# Am I Alone In Being a Huge Fan of Dame Eva Turner?



## Seattleoperafan (Mar 24, 2013)

In my opinion Eva Turner's voice, despite it's Grand Canyon size and scope, is the best recorded voice of the 20's. None of the blowing out of the recording equipment like the great Ponselle was subject to. I knew of her In Questa Reggia, which may be the best ever, but didn't know she was so versatile. My estimation of her has really taken off of late. Of course La Nilsson excelled at Turandot, but I can't imagine Nilsson singing "D'amor sull'ali rosee" with the Bel Canto aplomb that Turner delivered : 



. She not only sang gently up top but had trills that were the equal of Sutherland. She prepared for Norma but WWII put an end to those plans. I would love to hear what she could have done with Casta Diva. She also could sing Suicidio with powerful low notes that sound completely of one piece with the rest of her voice. She was also a huge success at Wagner, but never tackled Kundry or Gotterdammerung Brunhilde, the later being too taxing in her opinion for her voice. She sang Turandot 200 times and still had a great voice with no ill effects. An interesting thing about her is that despite having one of the biggest singing voices of all time, it was also incredibly beautiful and she did all of that with a very normal size figure.

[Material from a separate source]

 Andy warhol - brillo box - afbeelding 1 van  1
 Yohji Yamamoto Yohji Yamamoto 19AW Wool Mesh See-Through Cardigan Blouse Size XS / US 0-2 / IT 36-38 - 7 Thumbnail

She had a very long singing career and went on to become one of the greatest British vocal coaches. A plus for her students was her German and Italian were impeccible. Her most famous student is Gwyneth Jones. I read a piece on her and the author said she was the happiest person he had ever met. If you haven't checked her out I encourage you to acquaint yourself with the gorgeous, unbelievable powerful yet versatile voice of Dame Eva Turner.


----------



## The Conte (May 31, 2015)

I'm a fan. You can sense the size from those recordings, which you don't get with other recordings from the same era. Have you heard the live ones from Covent Garden with Martinelli. Bad sound, of course, but it was an amazing voice. She was only suited for a few roles, though and I prefer Muzio in Verismo and Ponselle in Verdi.

N.


----------



## Barbebleu (May 17, 2015)

No. :xxxxxxxxxxxxxxxxxxxx


----------